It’s really an excellent time to be a GM; companies are falling all over themselves catering to us. The recent releases of the Dungeon Master’s Guide 2 by Wizards of the Coast and the simultaneously retro and forward-thinking GameMastery Guide by Paizo are both excellent sources of advice and tools for running a game, full of insight even for a jaded old warhorse like me. The lists of noble titles and the vocabulary set in GMG made me smile; Gygax would have loved these books.

But sometimes it’s up to a small, new outfit to try wild and weird new things—wonderful experiments in GM help like Eureka, a collection of 501 half-page plot summaries, each of them enough to kick off a great RPG session. The book is a meaty 314 pages long.

This is the first big project from the blogging crew over at Gnome Stew, and let me tell you, they must have slaved over this thing for a year. Every time I thought “Yes, but that won’t work because…” they were already there, thinking it through. Much more than a simple book of plots, Eureka! stands as one of those essential tools that GMs and game designers will find themselves reaching for again and again. Here’s three reasons why…

Reason #1: The Core Plots Work. The entire book is built around the 36 Dramatic Situations, a set of conflicts first described and outlined by Georges Polti 100 years ago and which should be familiar to every writer, screenwriter, and game designer.

Depending on your perspective, the 36 situations are either classics or a hoary old chestnut in narrative, but regardless of your take on them, they work. And no one has ever used them to spin up 500 RPG plots before, an idea that seems completely brilliant and obvious only in hindsight. So, bravo gnomes!

Reason #2: Genre-Independence: While the plots are written for fantasy, for SF, and for horror, you might think that 2/3 of the book are wasted space if you prefer a single genre for most of your gaming. Guess again! The clever design of the book indicates exactly which plots are most portable to other genres, and even subgenres.
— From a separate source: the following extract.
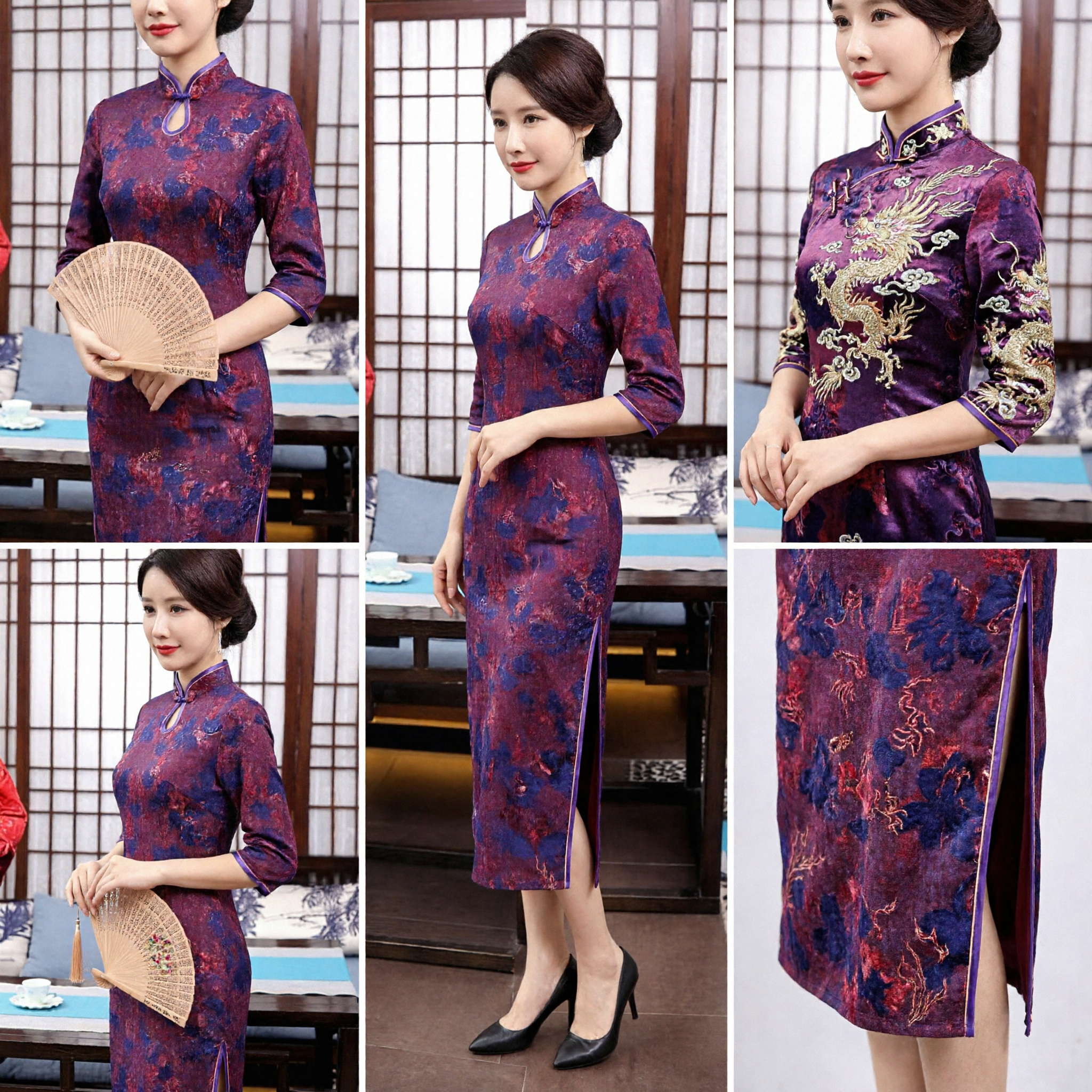 Elegant Purple Floral Qipao Dress Traditional Chinese Cheongsam with Mandarin Collar for Wedding Party Formal Occasions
The “big three” game genres are covered (though I wish they had weighted it more heavily toward fantasy, rather than giving horror and SF equal time), and they are also tagged.

For instance, a plot might be listed as “Easily adapted to: Grim and Gritty Fantasy, High Fantasy, Pulp, Romance, Sci-fi, Space Opera, Steampunk, Supers, Swashbuckling, Traditional Fantasy
Tags: (WC) difficult choice, innocent, intrigue,
investigative, politics, social, stealth, tactical planning, travel, twist”. Gives you a pretty good idea of what that one is about, no? And rather different from one that is tagged “Deadline” and “Dungeon Crawl”.
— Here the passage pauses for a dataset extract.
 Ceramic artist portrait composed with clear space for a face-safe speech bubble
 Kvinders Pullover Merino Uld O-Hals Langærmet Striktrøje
So if you need a steampunk plot, that’s already covered, and if you need a horror plot but want to adapt it for fantasy, the book makes it easy to find one. Which takes us to…

Reason #3: The Index is OMFG Awesome: Too many publishers do a crappy job with indexes these days, but not the gnomes. This is an extremely well-indexed volume, and that alone makes it much more worthwhile. As a reference work, of course it is not the sort book I want to read cover-to-cover. I don’t want to read plot after plot: I just want the right plot when I need it, with a minimum of fuss. And that’s what the tagging and subgenres do, in combination with a linked, completed index. I’ve built indexes, and it’s hard work. Bravo to whoever did the grunt work to make this book much more usable.

You may say to yourself, “But it’s $35! And it’s just plots!” Frankly, if that’s your reaction, you’re probably better off spending your hard-earned gaming dollars on new $35 adventures from WotC or each $84 adventure path in six volumes from Paizo. This satisfies a different gaming itch — Eureka is super rocket fuel for homebrewers.

I recommend it for anyone who would rather roll their own, and whose house campaign could use a twist, a curveball, or a kick in the narrative pants.